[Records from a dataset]
......

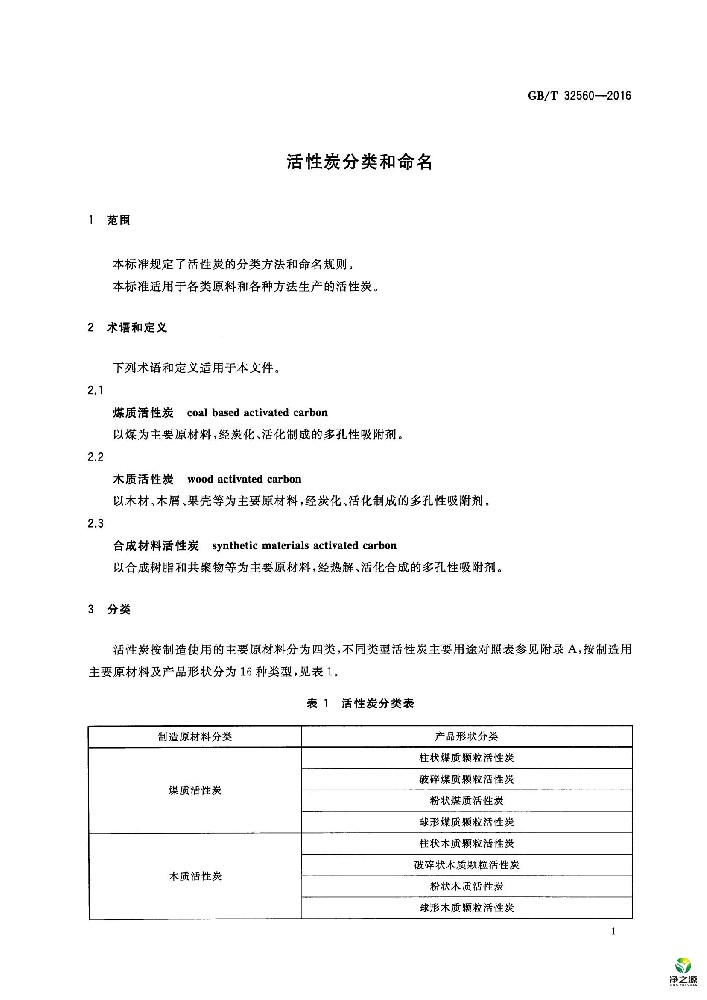 活性炭分类和命名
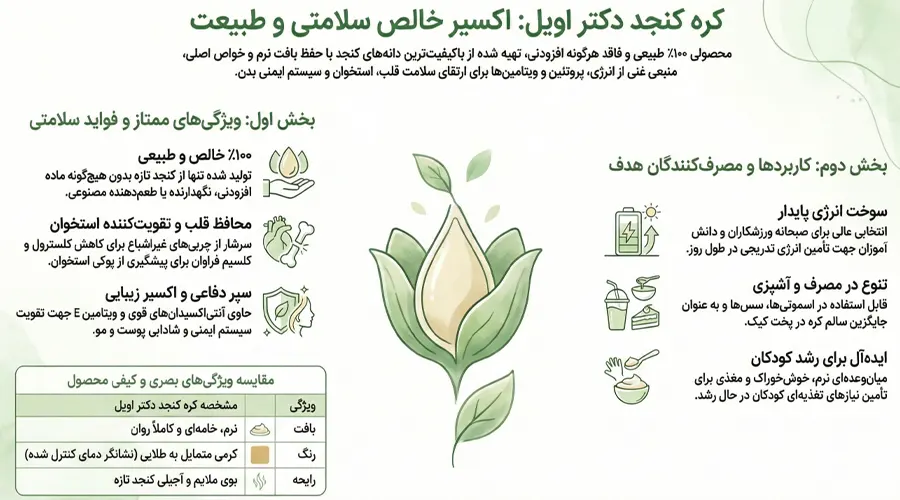 فواید کره کنجد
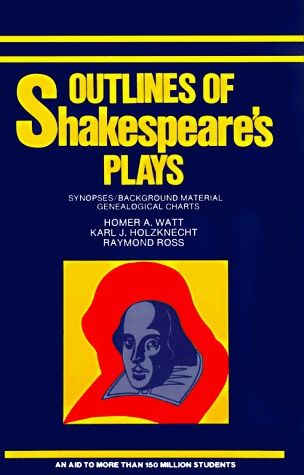Outlines of Shakespeare's Plays (Paperback)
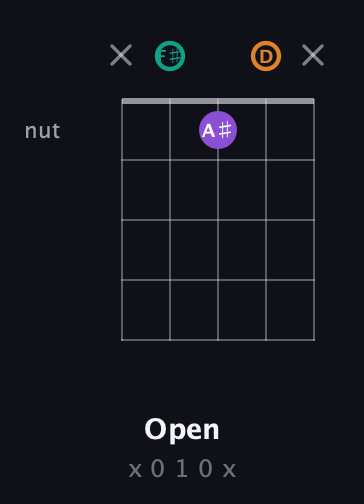 F♯ Augmented guitar chord — Open (x 0 1 0 x) fretboard diagram in Open D (f♯DF♯AD)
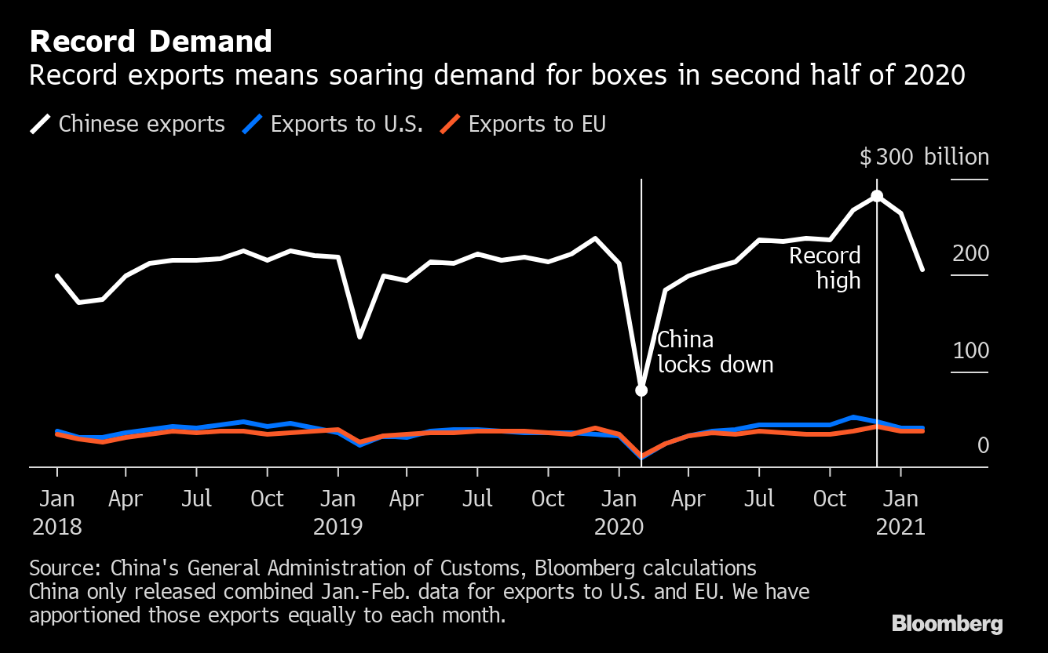 superstau-china-exports.png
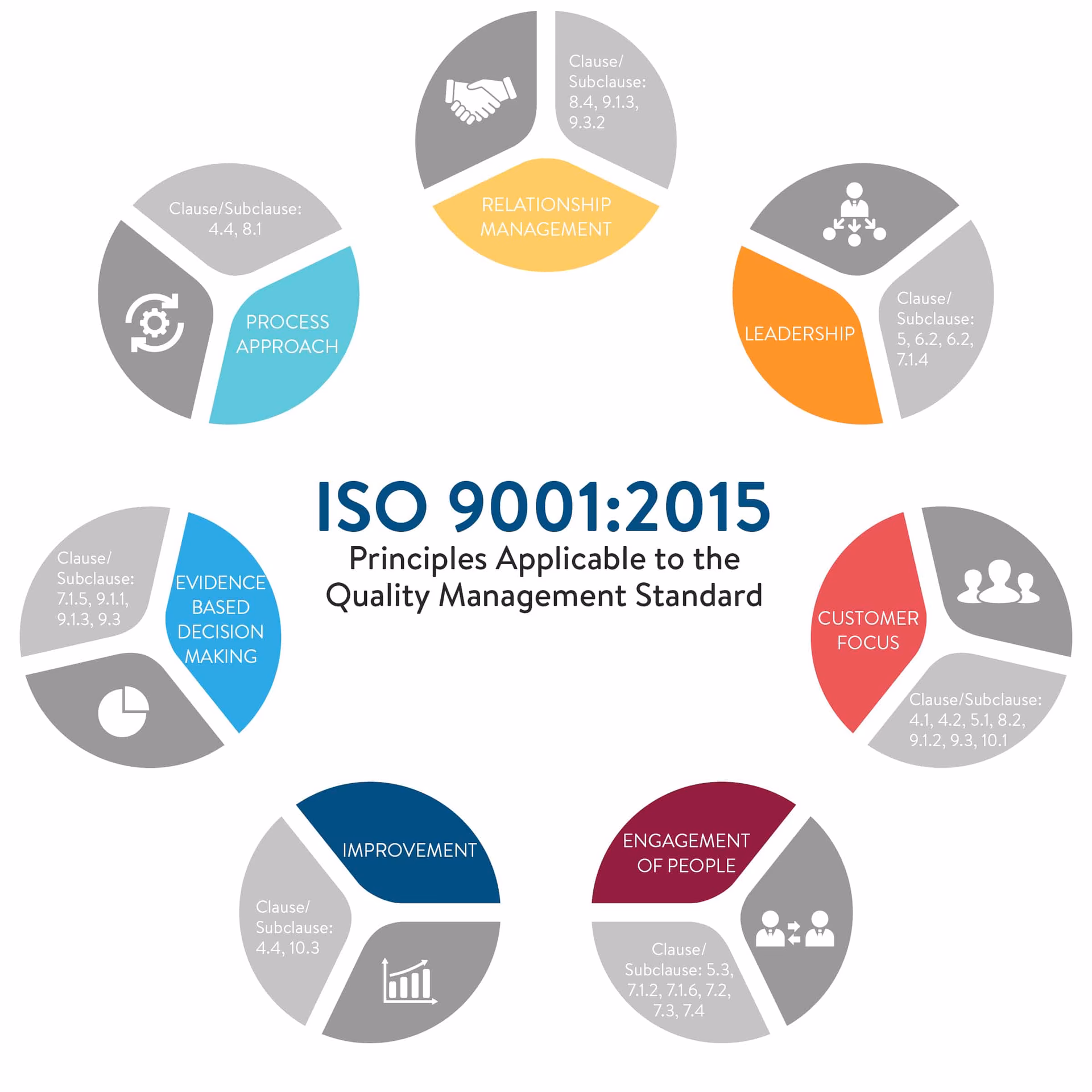 What are the different types of ISO standards?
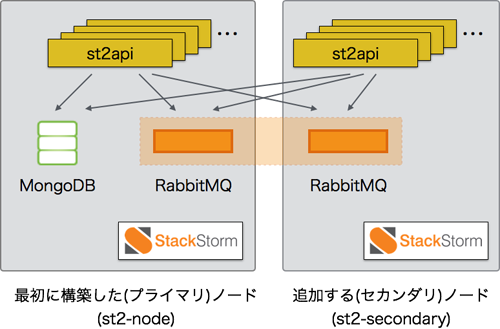 StackStorm冗長構成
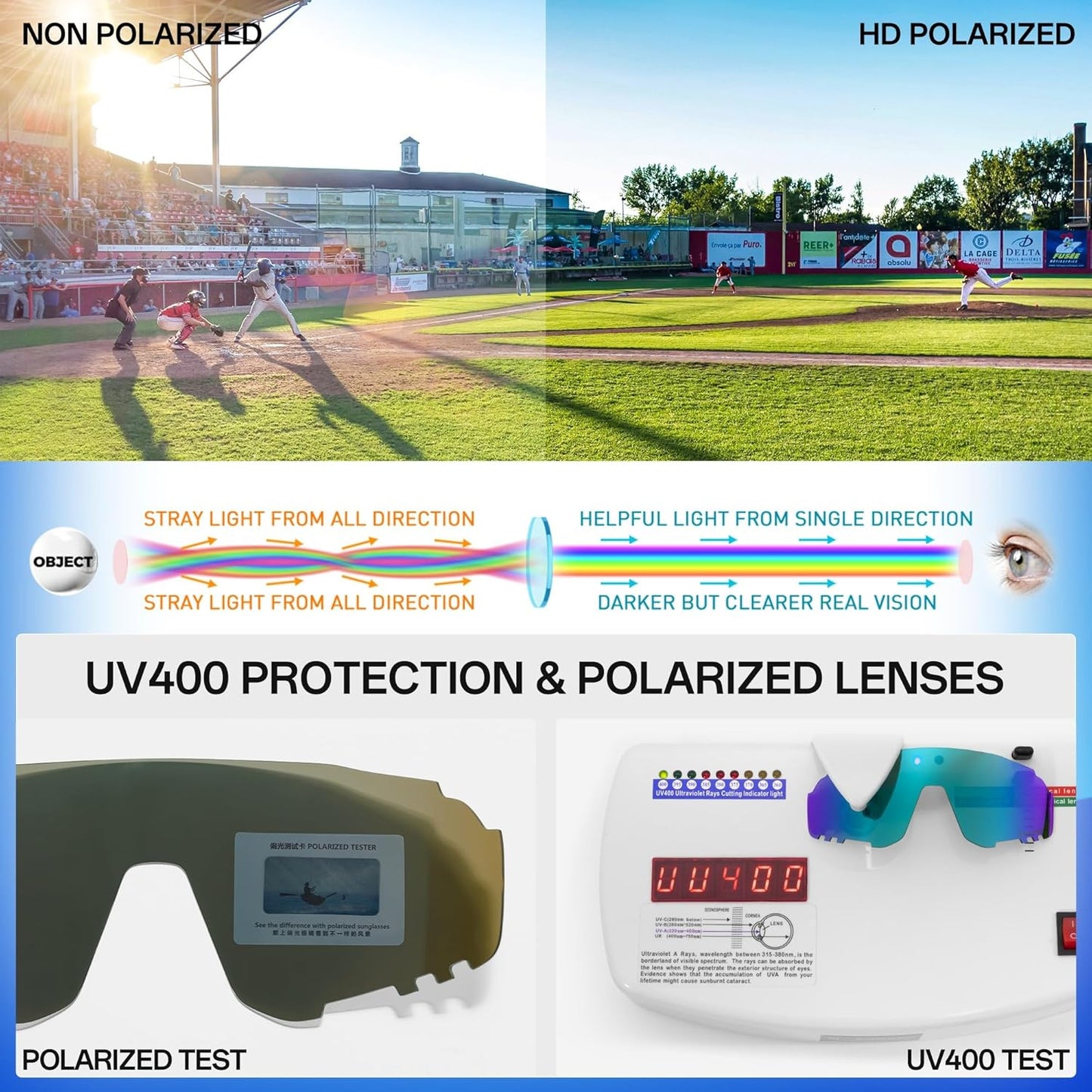 KAPVOE Kids Baseball Glasses Youth Polarized Sports Sunglasses Softball Cycling Running Shades Boys Girls Age 3-14 - K9033
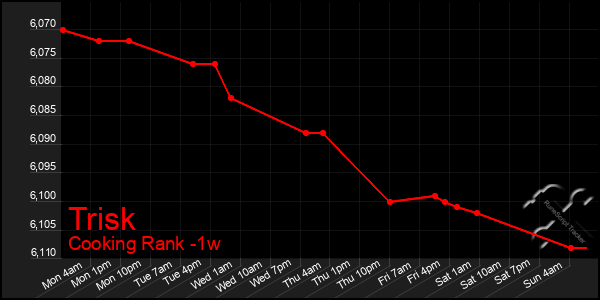 Last 7 Days Graph of Trisk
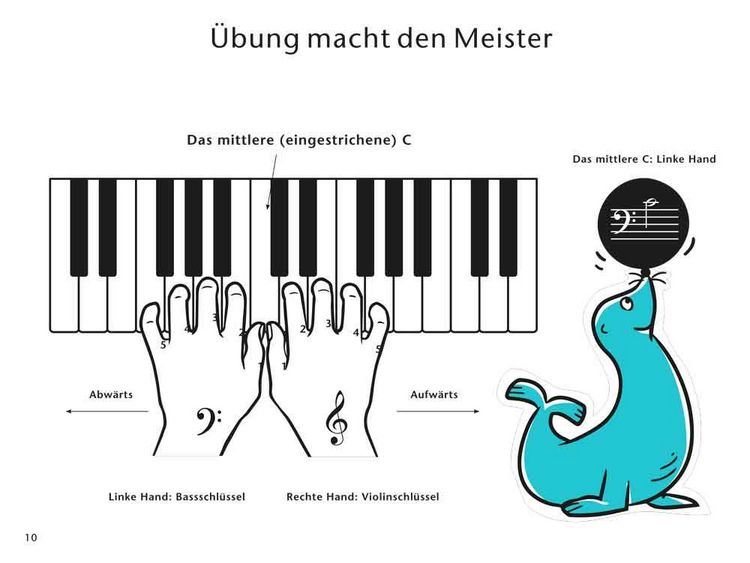 Produktbild: Wir musizieren am Klavier Band 1 - Neuauflage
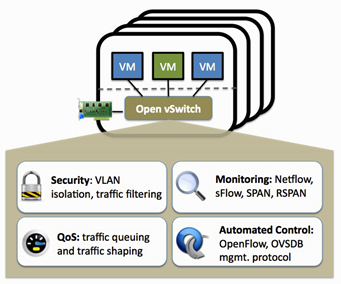 Open vSwitch示意圖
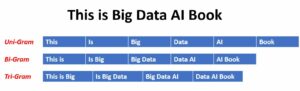 N-Gram Analysis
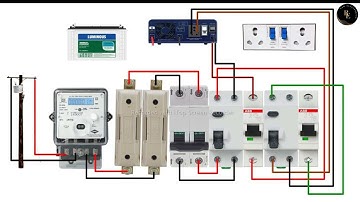inverter connection for Home || inverter in RCCB connection
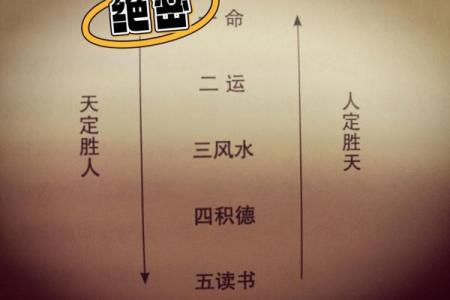 风水上说夫妻其实早就命中注定是真的吗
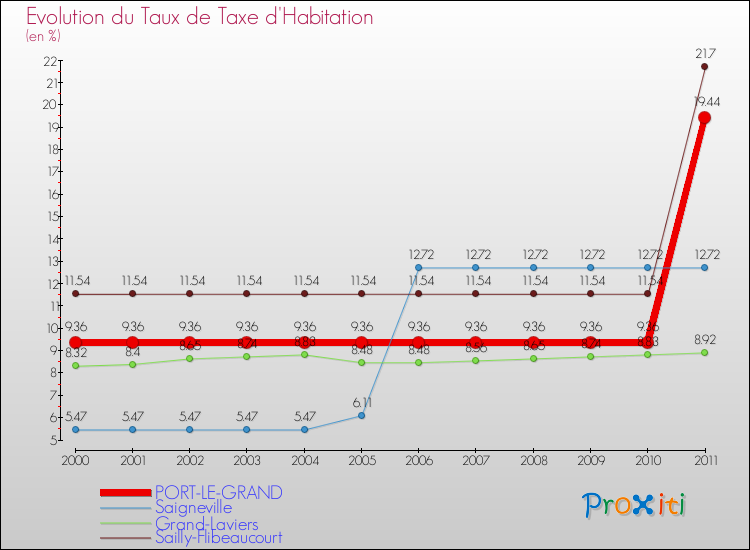Evolution du taux de la taxe d'habitation pour PORT-LE-GRAND et les communes proches Comparaison des taux de la taxe d'habitation pour PORT-LE-GRAND et les communes voisines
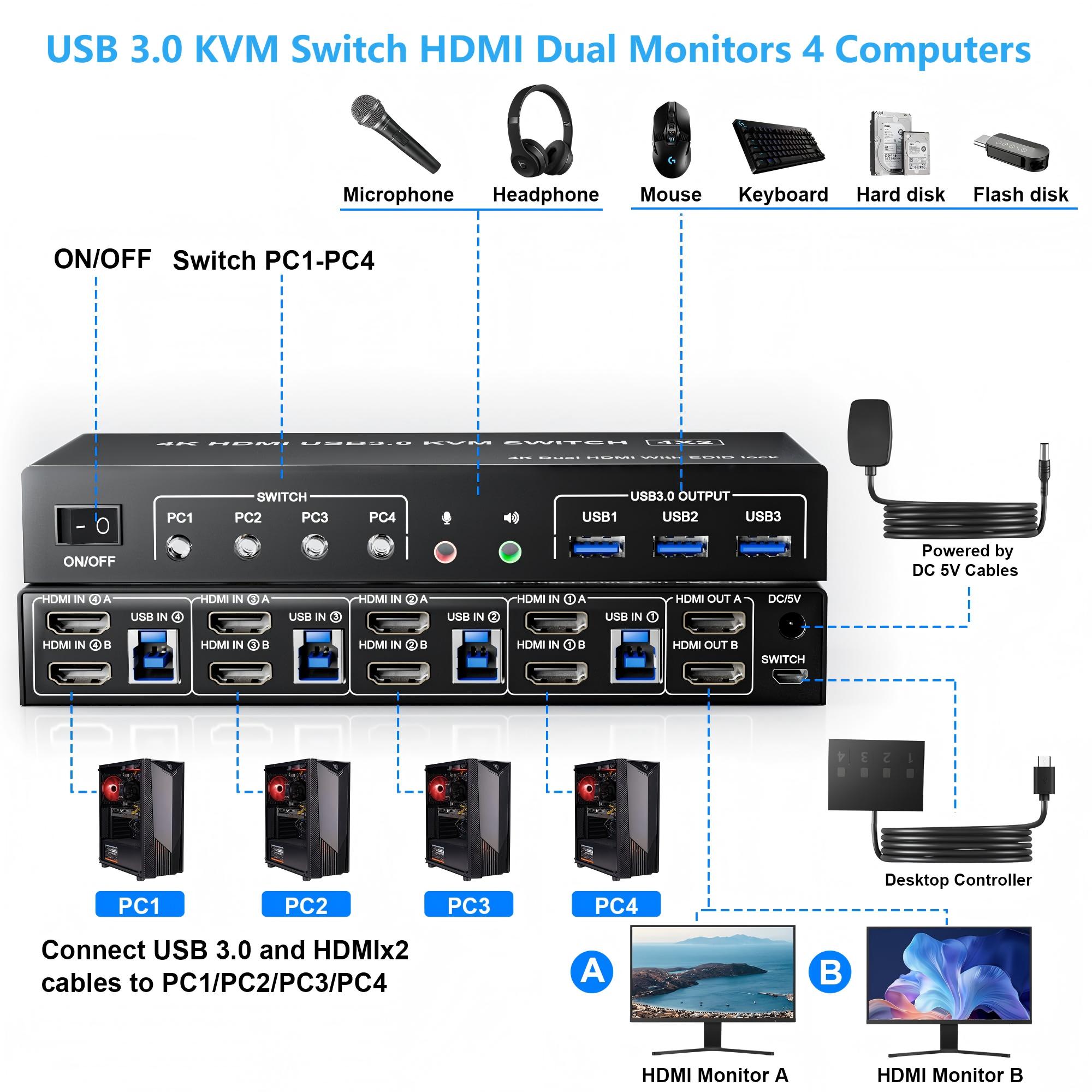 Hdmi Kvm Switch 4 Port Dual Monitor - محول USB 3.0 KVM 4 أجهزة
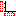 Plotting_Edit Axis Titles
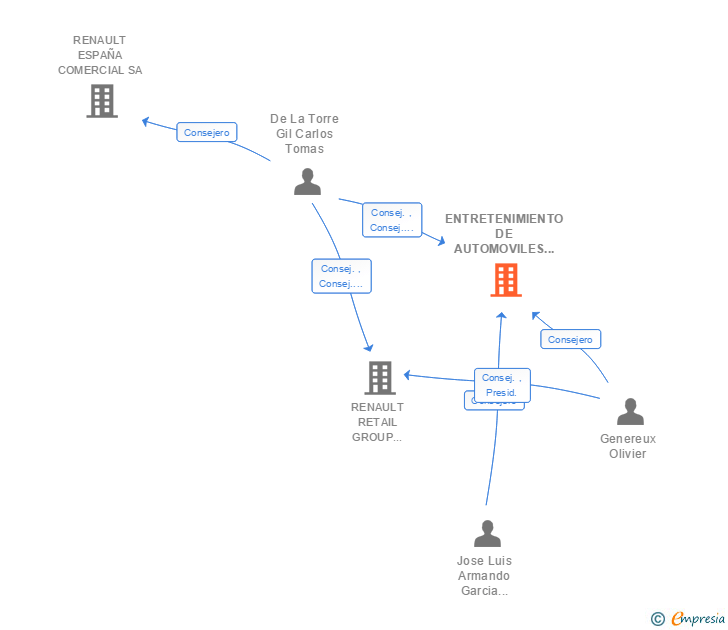 Vinculaciones societarias de ENTRETENIMIENTO DE AUTOMOVILES DE SEVILLA SA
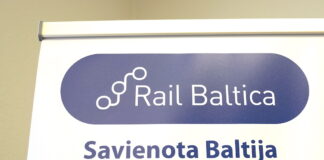 Rail Baltica, Valdība, Rail Baltica budžets, Satiksmes ministrija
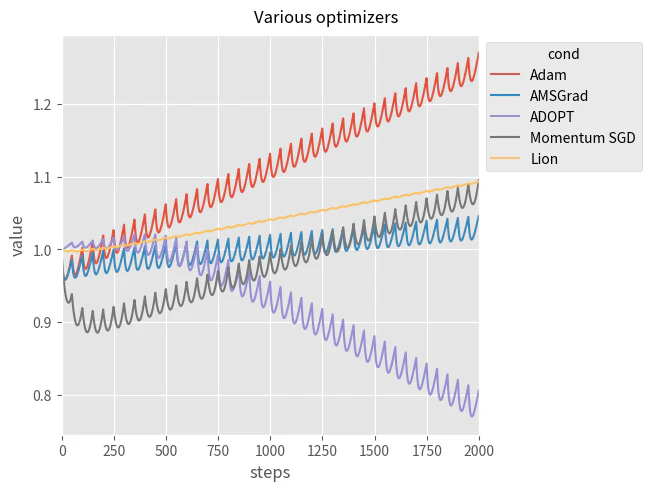 various_optimizers_toyfunc2.png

......

The reply should hold the entries above from the line with "superstau-china-exports.png" to the line with "Plotting_Edit Axis Titles", duplicated exactly, pictures excluded.

 superstau-china-exports.png
 What are the different types of ISO standards?
 StackStorm冗長構成
 KAPVOE Kids Baseball Glasses Youth Polarized Sports Sunglasses Softball Cycling Running Shades Boys Girls Age 3-14 - K9033
 Last 7 Days Graph of Trisk
 Produktbild: Wir musizieren am Klavier Band 1 - Neuauflage
 Open vSwitch示意圖
 N-Gram Analysis
inverter connection for Home || inverter in RCCB connection
 风水上说夫妻其实早就命中注定是真的吗
Evolution du taux de la taxe d'habitation pour PORT-LE-GRAND et les communes proches Comparaison des taux de la taxe d'habitation pour PORT-LE-GRAND et les communes voisines
 Hdmi Kvm Switch 4 Port Dual Monitor - محول USB 3.0 KVM 4 أجهزة
 Plotting_Edit Axis Titles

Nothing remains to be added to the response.